The pituitary gland is one of the glands that are involved in the secretion of hormones in the body. The gland is located in the brain and is divided into two, an anterior and a posterior lobe. The hormones secreted by the anterior lobe include thyroid - stimulating hormone (TSH), Follicle-stimulating hormone (FSH), Luteinizing hormone (LH), Prolactin, Adrenocorticotropic hormones (ACTH), Growth hormone(GH), Melanocyte-stimulating hormones(MSH).
Thyroid-stimulating hormone is a hormone, which triggers the thyroid gland to secrete thyroxine, and then triiodothyronine which triggers almost every tissue’s metabolism in the body. It is a glycoprotein hormone that is made and released by thyrotrope cells. Thyroid hormones are involved in the stimulation of varied activities of metabolism that occur in most tissues. The activity of the hormone increases the rate of basal metabolism (Sacher & McPherson, 2000).

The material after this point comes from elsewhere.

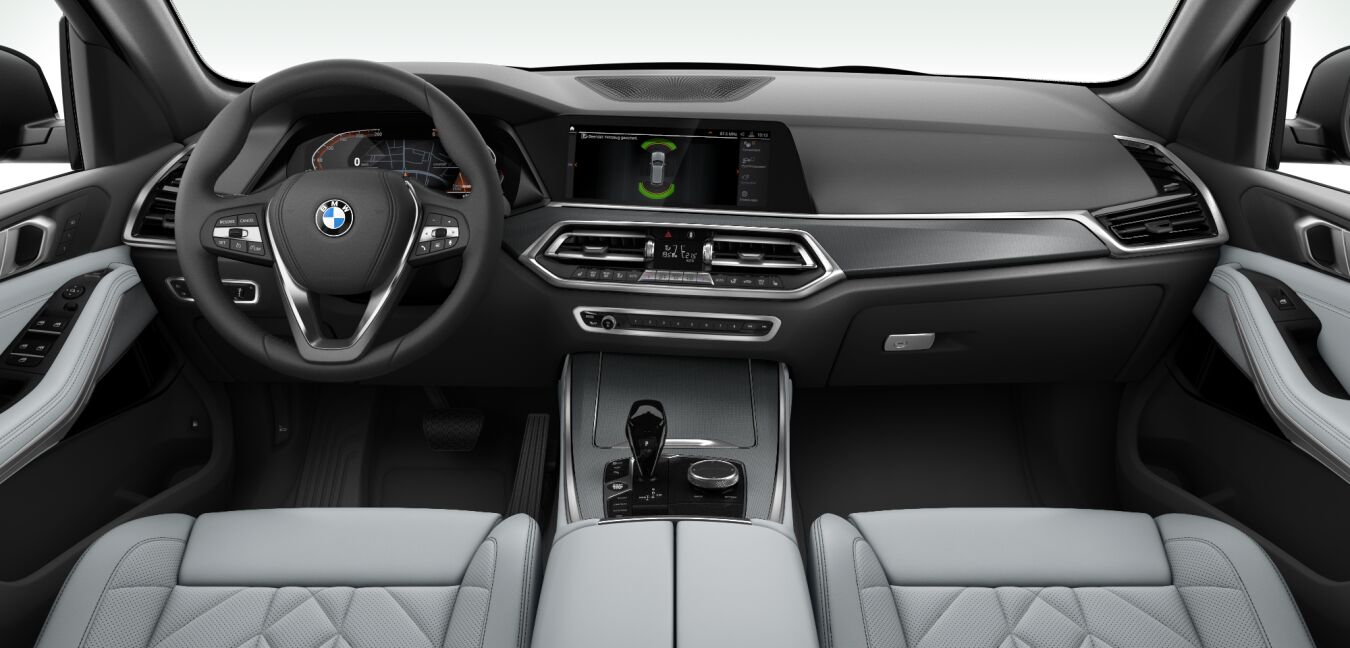 BMW BMW X im Innenraum von vorne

Follicle-stimulating hormone is made and released by anterior pituitary gland’s gonadotrophs. It regulates the growth, development, pubertal maturation, as well as reproduction of the body. FSH triggers the growth and immature ovarian follicles recruitment in the ovary. In early antral follicles, FSH is the main factor of survival that saves the small antral follicles. In the luteal-follicle stage change period, the serum degrees of estrogen and progesterone reduce and no longer inhibit the FSH release, therefore, FSH peaks at about third menstrual flow day. The small antral follicles’ cohort is normally adequately in number to make sufficient Inhibin B to reduce serum levels of FSH (Seeley, Stephens, & Tate, 2004).

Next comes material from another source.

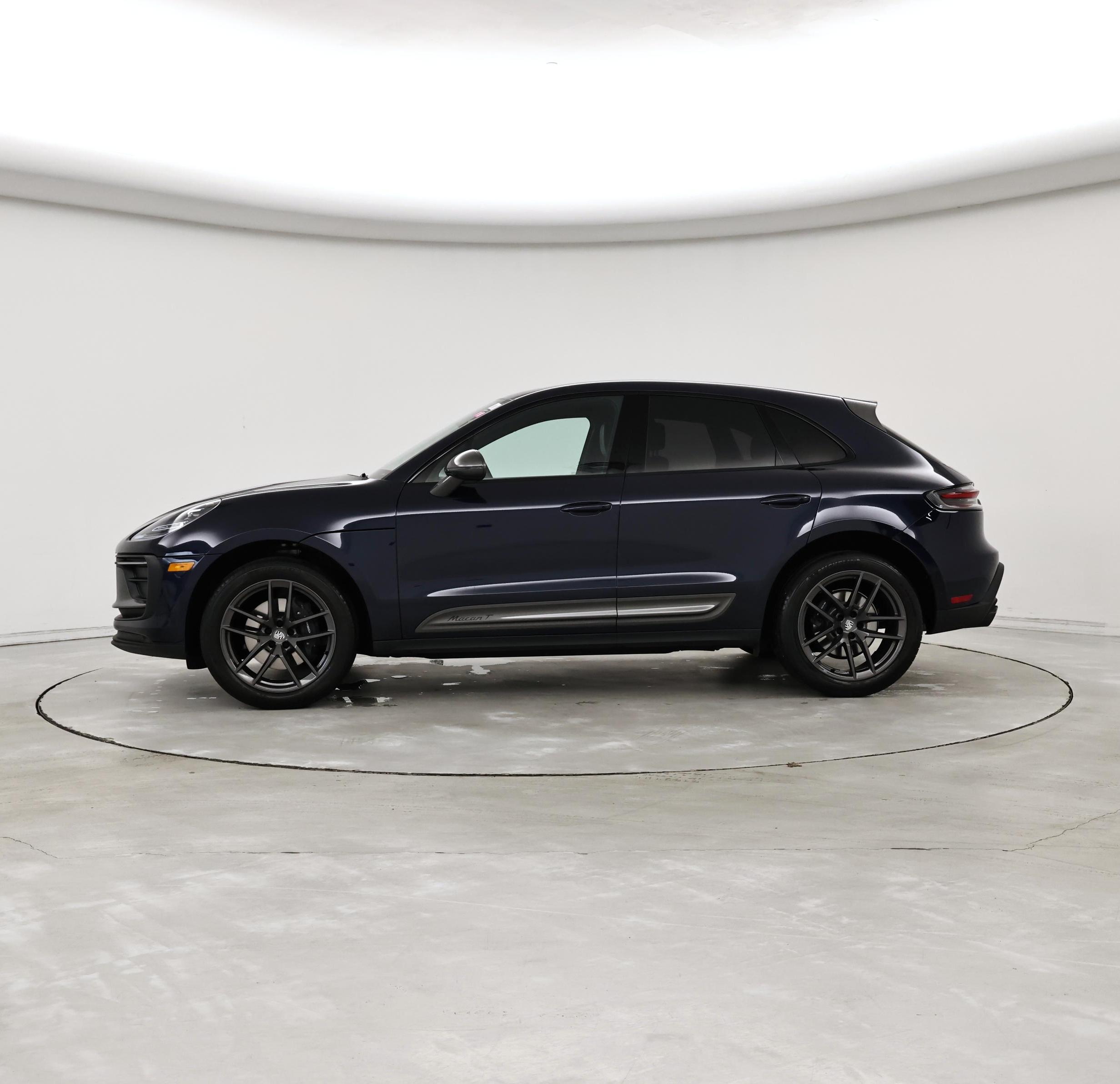 Thumbnail: 2023 Porsche Macan - 3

Luteinizing hormone is a hormone made by gonadotroph cells. In females, an acute LH rise stimulates ovulation and corpus luteum’s development. In males, it triggers Leydig cell testosterone production. The hormone works synergistically with FSH. The luteinizing hormone is also necessary in the maintenance of the luteal function especially for the initial two weeks of the menstrual cycle (Louvet, Harman, & Ross, 1975).

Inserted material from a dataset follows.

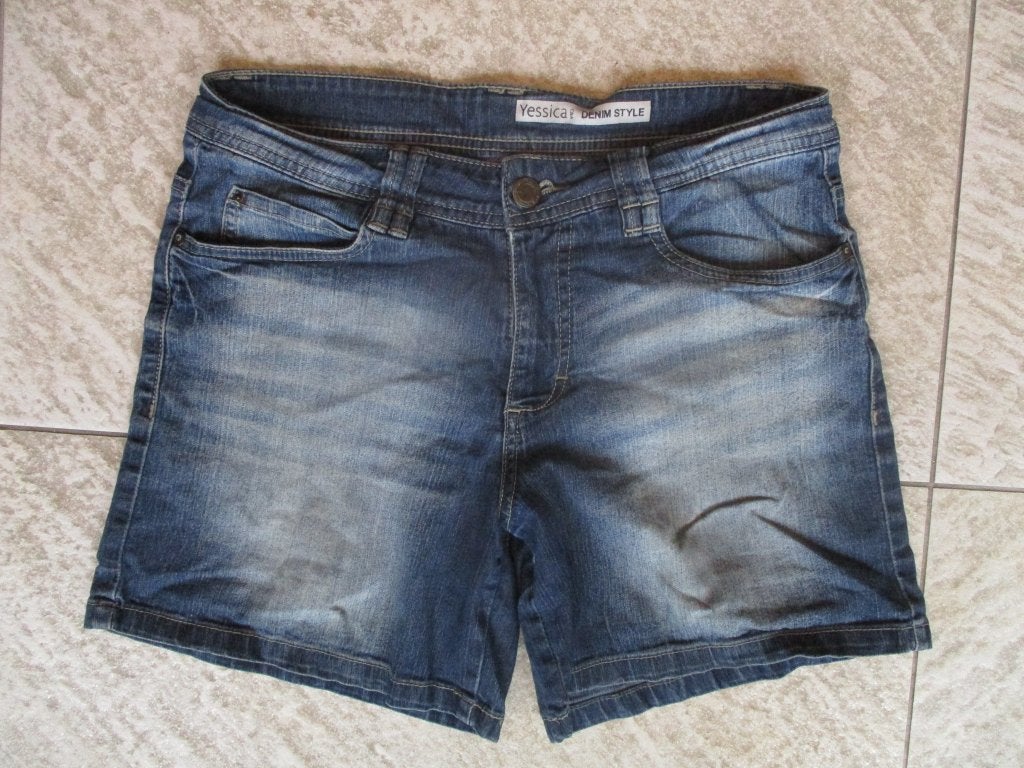 Korte broek blauw spijkerbroek maat S / 36 C&A broekje, Blauw, Yessica, Ophalen of Verzenden, Zo goed als nieuw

Prolactin refers to a protein coded for by the PRL gene in human and is well known for the role that it plays in lactation. The effects that result from the activity of prolactin are more than 300 and include the stimulation of the mammary glands for the production of milk, mammary glands enlargement in the breast and prepare the breast for the production of milk (Evans, Petersen, Sekhon, & DeMars, 1989).
Adrenocorticotropic hormone (ACTH), also referred to as corticotropin, is a hormone that is polypeptide tropic in nature. The hormone plays a crucial part in the hypothalamic-pituitary-adrenal axis where it is released after the body suffers a biological stress. The principle effects of the hormone include the production as well as in the release of corticosteroids (Seeley, Stephens, & Tate, 2004).
Growth hormones are the peptide hormones involved in the stimulation of processes in human and other animals such as cell reproduction, growth and regeneration. The effects resulting from the growth hormones on the body tissues are generally referred to as anabolic or building up hormone effects.
The melanocyte-stimulating hormones are involved in the stimulation of both the production and the release of the melanin by the melanocytes that are located in the skin and hair. The signals sent by this hormone to the brain have effects sexual arousal and appetite (Seeley, Stephens, & Tate, 2004).
The hormones that are produced by the glands located in the posterior lobe of pituitary glands are antidiuretic hormone (ADH) and the oxytocin. Antidiuretic hormone are also referred to as arginine vasopressin and are involved in the conservation of body water content through the reduction of water loss in urine. On the other hand, oxytocin is involved in neuromodulation activities in the brain (Seeley, Stephens, & Tate, 2004).
Evans, A. M., Petersen, J. W., Sekhon, G. S., & DeMars, R. (1989). Mapping of prolactin and tumor necrosis factor-beta genes on human chromosome 6p using lymphoblastoid cell deletion mutants. Somat. Cell Mol. Genet., 15(3), 203–213.
Louvet, J., Harman, S., & Ross, G. (1975). Effects of human chorionic gonadotropin, human interstitial cell stimulating hormone and human follicle-stimulating hormone on ovarian weights in estrogen-primed hypophysectomized immature female rats. Endocrinology, 96(5), 1179-1186.
Sacher, R., & McPherson, R. A. (2000). Wildmann's Clinical Interpretation of Laboratory Tests (11th ed.). Philadelphia: F.A. Davis Company.
Seeley, R., Stephens, T. D., & Tate, P. (2004). Anatomy and Physiology (6th ed.). New York: The McGraw Hill Companies.